* **EXERCISE**
All lines in the material containing the word "Picture" need to be copied.

* **DATA SUPPLIED**
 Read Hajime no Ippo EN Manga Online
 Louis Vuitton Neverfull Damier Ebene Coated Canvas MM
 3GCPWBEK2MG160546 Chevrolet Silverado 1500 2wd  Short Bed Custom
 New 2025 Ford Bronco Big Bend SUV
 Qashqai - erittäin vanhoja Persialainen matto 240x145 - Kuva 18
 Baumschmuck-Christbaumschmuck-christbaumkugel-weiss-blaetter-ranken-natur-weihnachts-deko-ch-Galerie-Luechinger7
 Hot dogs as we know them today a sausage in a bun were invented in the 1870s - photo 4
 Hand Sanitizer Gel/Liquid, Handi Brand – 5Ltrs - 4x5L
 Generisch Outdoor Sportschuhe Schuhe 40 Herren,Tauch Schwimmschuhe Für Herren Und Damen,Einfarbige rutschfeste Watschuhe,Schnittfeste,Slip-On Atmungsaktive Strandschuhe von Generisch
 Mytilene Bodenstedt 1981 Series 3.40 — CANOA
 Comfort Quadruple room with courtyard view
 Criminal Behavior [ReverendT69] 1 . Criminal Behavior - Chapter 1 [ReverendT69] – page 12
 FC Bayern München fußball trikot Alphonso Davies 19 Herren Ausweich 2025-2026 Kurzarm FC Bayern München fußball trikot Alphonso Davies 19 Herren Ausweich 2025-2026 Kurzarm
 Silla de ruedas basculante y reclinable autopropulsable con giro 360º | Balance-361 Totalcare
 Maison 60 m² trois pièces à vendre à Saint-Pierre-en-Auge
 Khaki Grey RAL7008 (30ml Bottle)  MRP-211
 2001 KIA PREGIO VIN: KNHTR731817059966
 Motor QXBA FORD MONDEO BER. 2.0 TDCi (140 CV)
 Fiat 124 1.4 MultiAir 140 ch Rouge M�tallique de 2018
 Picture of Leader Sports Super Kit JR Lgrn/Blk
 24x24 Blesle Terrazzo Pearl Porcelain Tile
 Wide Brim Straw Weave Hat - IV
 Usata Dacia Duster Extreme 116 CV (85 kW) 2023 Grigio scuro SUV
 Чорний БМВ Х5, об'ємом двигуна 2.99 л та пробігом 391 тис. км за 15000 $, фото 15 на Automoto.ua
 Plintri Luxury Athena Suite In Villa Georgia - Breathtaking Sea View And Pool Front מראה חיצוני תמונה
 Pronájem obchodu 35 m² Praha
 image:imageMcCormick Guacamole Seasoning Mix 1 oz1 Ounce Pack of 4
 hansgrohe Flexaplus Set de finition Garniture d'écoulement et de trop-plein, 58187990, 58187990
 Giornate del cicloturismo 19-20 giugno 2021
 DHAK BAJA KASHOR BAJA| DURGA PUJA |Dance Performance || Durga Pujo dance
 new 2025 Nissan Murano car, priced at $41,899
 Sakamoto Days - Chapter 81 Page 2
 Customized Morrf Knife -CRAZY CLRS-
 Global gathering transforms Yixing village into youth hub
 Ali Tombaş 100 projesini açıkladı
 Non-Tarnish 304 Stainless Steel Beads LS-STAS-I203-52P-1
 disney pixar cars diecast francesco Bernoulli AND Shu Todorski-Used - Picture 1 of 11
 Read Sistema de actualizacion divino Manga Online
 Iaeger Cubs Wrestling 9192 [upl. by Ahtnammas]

* **WRITTEN SOLUTION**
 Picture of Leader Sports Super Kit JR Lgrn/Blk
 disney pixar cars diecast francesco Bernoulli AND Shu Todorski-Used - Picture 1 of 11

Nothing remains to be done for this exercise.